Only his second novel, but what a difference in quality compared to In the Drift. Like Sterling’s Schismatrix this feels like a progenitor of all those transhuman/posthuman elements that became so prevalent later on in SF. It’s a tour of a future solar system that has the same idea density and complexity like e.g. the more recent Accelerando by Charles Stross. The core premise of the novel is the complete reprogrammability of the human mind, a powerful concept that isn’t easily handled and thus often avoided, even in more recent fiction. Swanwick explores this from various directions, a borglike entity that controls Earth, a Mars-commune that programs its citizen do be brave and happy worker drones and more.
The human mind has become just as mutable as fashion.
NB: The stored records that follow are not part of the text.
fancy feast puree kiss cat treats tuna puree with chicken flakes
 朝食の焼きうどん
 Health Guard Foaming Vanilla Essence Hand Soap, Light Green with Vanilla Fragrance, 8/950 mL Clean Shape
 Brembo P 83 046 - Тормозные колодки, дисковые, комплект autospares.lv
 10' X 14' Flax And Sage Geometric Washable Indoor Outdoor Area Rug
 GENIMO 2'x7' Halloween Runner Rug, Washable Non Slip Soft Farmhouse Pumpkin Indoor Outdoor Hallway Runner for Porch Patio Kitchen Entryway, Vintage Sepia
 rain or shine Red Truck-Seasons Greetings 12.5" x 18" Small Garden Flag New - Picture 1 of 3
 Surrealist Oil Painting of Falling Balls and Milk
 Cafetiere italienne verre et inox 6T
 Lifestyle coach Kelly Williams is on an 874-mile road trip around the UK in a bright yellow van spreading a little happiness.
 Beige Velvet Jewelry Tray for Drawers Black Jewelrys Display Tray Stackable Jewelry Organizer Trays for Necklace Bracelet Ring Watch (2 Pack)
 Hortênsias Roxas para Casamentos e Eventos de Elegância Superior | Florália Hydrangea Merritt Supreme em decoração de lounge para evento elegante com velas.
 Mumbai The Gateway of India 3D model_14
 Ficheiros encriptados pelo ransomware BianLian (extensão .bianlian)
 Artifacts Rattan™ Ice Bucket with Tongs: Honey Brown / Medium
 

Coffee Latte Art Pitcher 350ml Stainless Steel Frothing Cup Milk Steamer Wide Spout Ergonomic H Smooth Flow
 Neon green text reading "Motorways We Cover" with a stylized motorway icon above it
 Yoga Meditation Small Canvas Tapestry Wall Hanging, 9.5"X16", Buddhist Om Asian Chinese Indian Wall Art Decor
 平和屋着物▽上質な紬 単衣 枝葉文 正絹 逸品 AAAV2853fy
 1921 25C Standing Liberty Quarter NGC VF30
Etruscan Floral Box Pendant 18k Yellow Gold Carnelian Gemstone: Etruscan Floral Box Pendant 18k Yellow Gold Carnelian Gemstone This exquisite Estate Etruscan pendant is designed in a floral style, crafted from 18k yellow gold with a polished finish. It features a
Swanwick’s novel shows a future out of control, having lost its last fixed or at least slow moving attractor. If free will and identity are easily editable they become worthless, and while the Comprise, the borglike entity on Earth, seems like the most unpleasant outcome of this future, it makes sense in a world where identity and self has become an endlessly interchangeable commodity. The plot hook of the book is about another alternative, an updated version of the human mind, personalities that revert despite every reprogramming to their normal state. In consequence making the human mind immutable again.
This is my kind of book, taking an idea and running as far as possible with it. Admittedly this happens (a bit) at the expense of characterization and atmosphere, but nothing can beat the raw power of the ideas exhibited here.